# Data extract
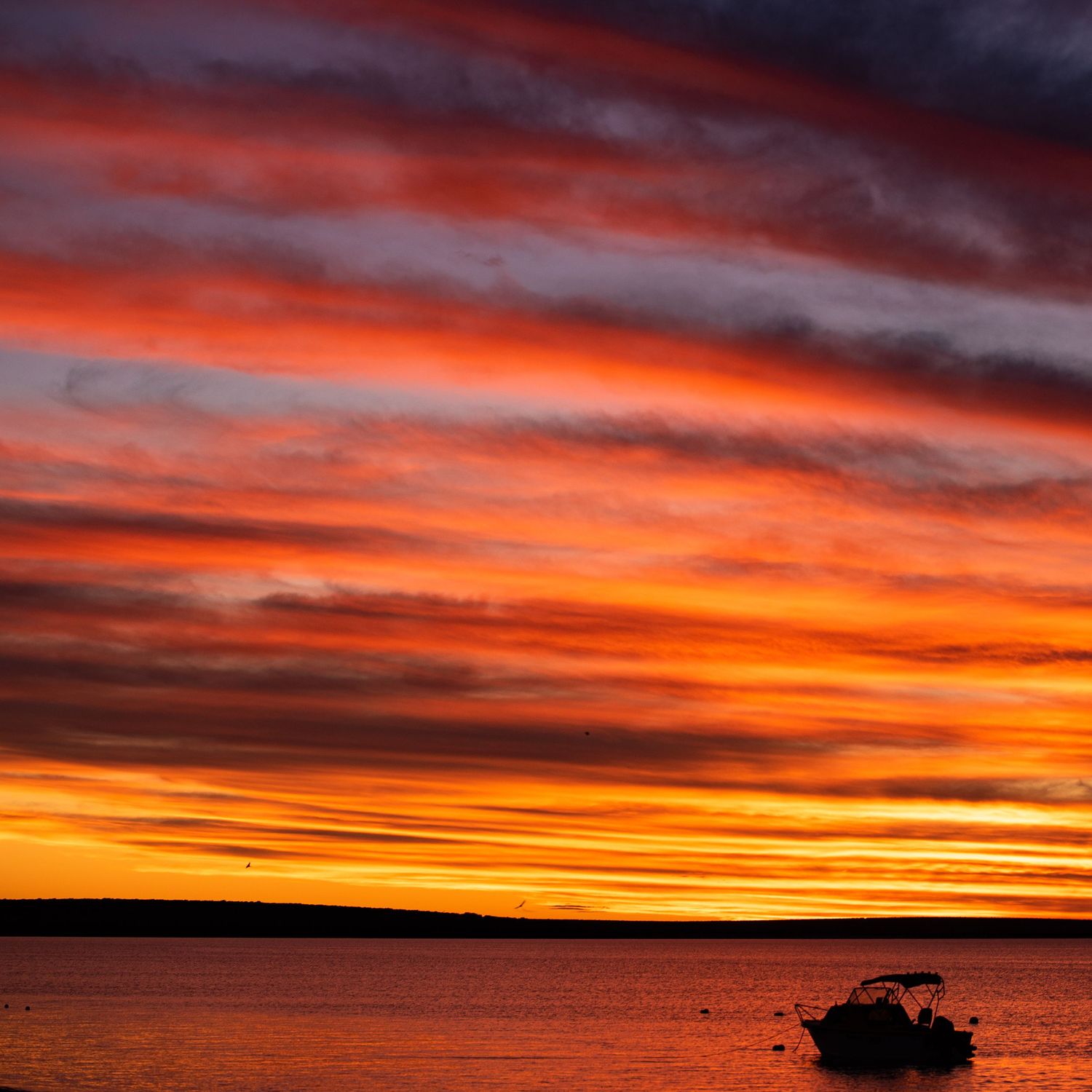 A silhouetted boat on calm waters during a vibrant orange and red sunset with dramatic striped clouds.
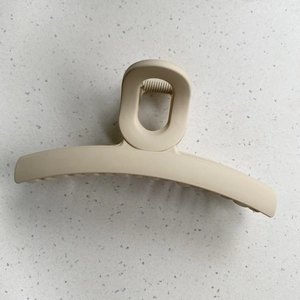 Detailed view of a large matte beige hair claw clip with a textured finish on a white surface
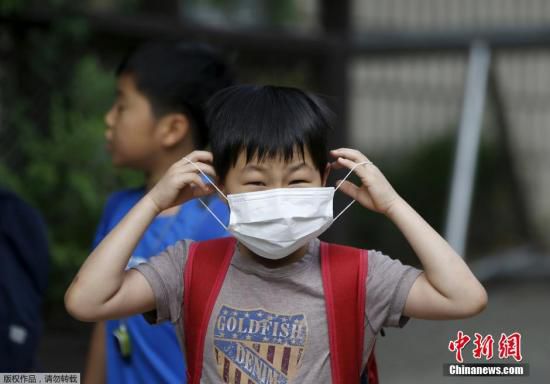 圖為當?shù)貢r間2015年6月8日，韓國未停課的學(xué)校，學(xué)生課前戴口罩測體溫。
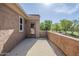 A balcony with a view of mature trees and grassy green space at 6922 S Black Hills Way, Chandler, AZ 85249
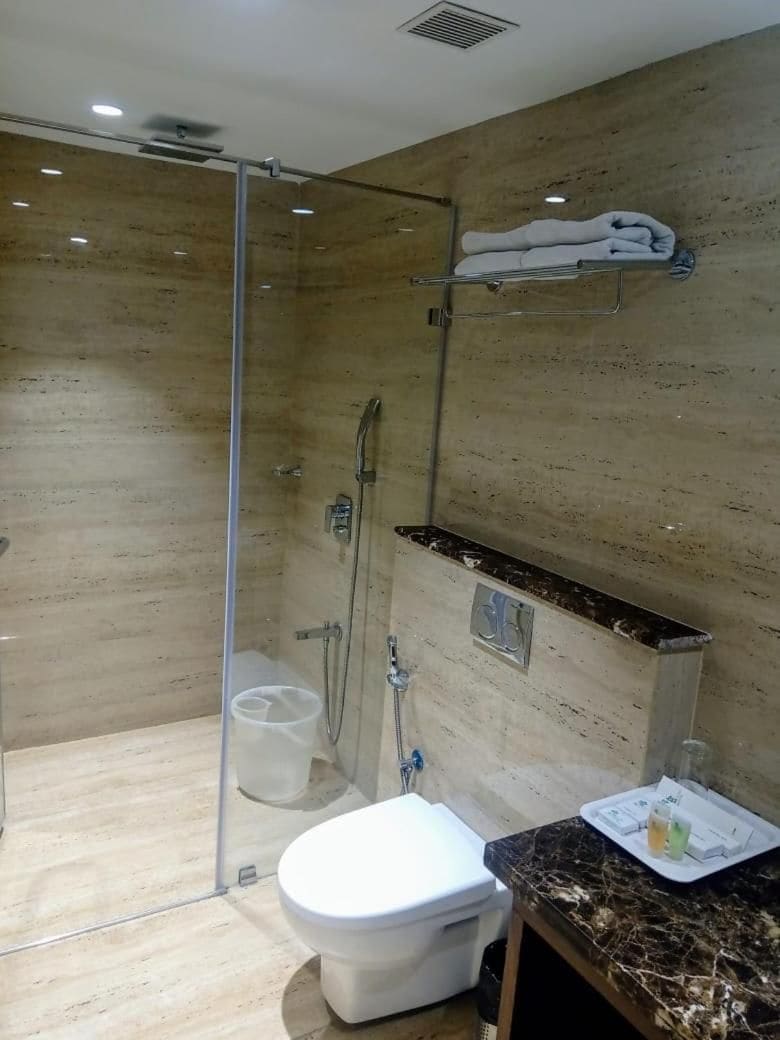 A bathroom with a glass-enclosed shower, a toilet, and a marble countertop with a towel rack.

# Your task
Lines before the one containing "A balcony with" are not wanted; write out that line and every later line through the end of the data above, exactly, without pictures.

# Finished exercise
 A balcony with a view of mature trees and grassy green space at 6922 S Black Hills Way, Chandler, AZ 85249
 A bathroom with a glass-enclosed shower, a toilet, and a marble countertop with a towel rack.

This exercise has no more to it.